Tayside and Central Scotland

Firm fined £234,000 over Arbroath pool death

Aidan Sands Image copyright Supplied
Image caption Aidan Sands' father said the tragedy had "ripped our family apart"

A schoolboy died after being submerged for just 51 seconds in a pool that had no lifeguards and no-one able to give first aid, a court heard.

Six-year-old Aidan Sands, who could not swim, died during a trip to the leisure centre at the Red Lion Caravan Park in Arbroath in June 2011.

Loch Earn Caravan Parks Ltd, was fined £234,000 over health and safety failings that led to the tragedy.

Speaking outside court, Aidan's father said it had "ripped our family apart."

Forfar Sheriff Court heard how Aidan, from Dundee, his mother, and three siblings had arrived at the park three hours before the tragedy for a short break.

He had been playing in a toddler pool with his brother while his mother and two sisters swam in the 1.2m (4ft) deep main pool.

Dragged from pool

Aidan made his way into the main pool with a tubular float, but lost grip of it and was submerged.

Depute fiscal Gavin Callaghan told how Aidan's brother was the first to notice the unfolding events.

He said CCTV captured the boy going underwater for 51 seconds before he was pulled to the surface, dragged from the pool and had CPR performed on him by other swimmers.

The pool had no lifeguards and staff were not trained in CPR.

Image copyright Google
Image caption A sheriff told the park's operators "a significant fine must be imposed"

Aidan was rushed to hospital but died four days later from brain injuries caused by his near-drowning.

Mr Callaghan said: "As he held on to the pool edge the tube floated away from him.

"He reached out to grab it but missed, causing his head and body to go under water.

"This was not noticed by anyone else at the pool at that time.

"About 51 seconds later Aidan's brother became aware that he was under the water and pulled his head above the surface."

'Tragic consequences'

He added: "Had the lifeguarding provision been in place on the date of the incident intervention would have taken place before the tragic consequences were allowed to develop.

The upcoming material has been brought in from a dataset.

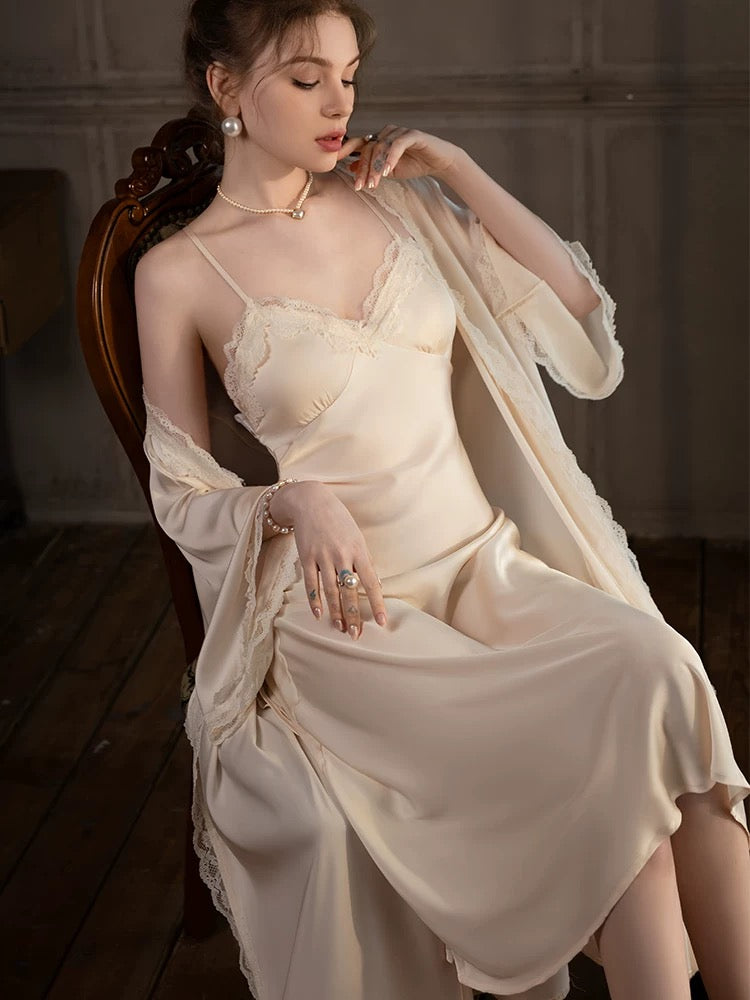 Forced to sell pajamas with breast pads, suspenders, nightgown, two-piece suit, sexy silk long mulberry silk pajamas for women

"The provision of lifeguards would have reduced the likelihood of the incident occurring and the failure to have lifeguards in place is therefore a significant causal factor in the resultant death."

Loch Earn Caravan Parks Ltd, based in Errol, Perthshire, admitted failing to carry out a suitable risk assessment, failing to ensure safety of all people using the pool, failing to ensure adequate supervision and failing to provide sufficient information and training to employees.

Defence advocate Barry Smith said: "I am expressly instructed to tender on behalf of the company and all those associated with it the sincere condolences of that company and those people to the family of Aidan Sands."

Sheriff Jack Brown said: "The absence of lifeguards and a risk assessment continued for a period of some years and it may be that the absence of any other incident led to a false sense of security.

"A significant fine must be imposed.

"It goes without saying that no financial penalty will ever reflect the loss suffered by Aidan's family."

'Long and difficult road'

Speaking outside court, Aidan's father Kevin said: "I'm glad the matter has been decided and the owners have accepted responsibility.

"The sheriff has imposed a significant fine.

"It has ripped our family apart - not just my side but both sides of the family."

Aidan's mother, Mandy, died aged 36, about two years after the tragedy.

Members of her family released a statement through their solicitors.

Brian Castle, of Digby Brown solicitors in Dundee, said: "It has been a long and difficult road.

"They have had little access to information while the possibility of criminal proceedings remained open.

"This guilty plea is a belated one but it does provide some considerable comfort to the family to learn that the caravan park operator is now accepting responsibility for Aidan's death."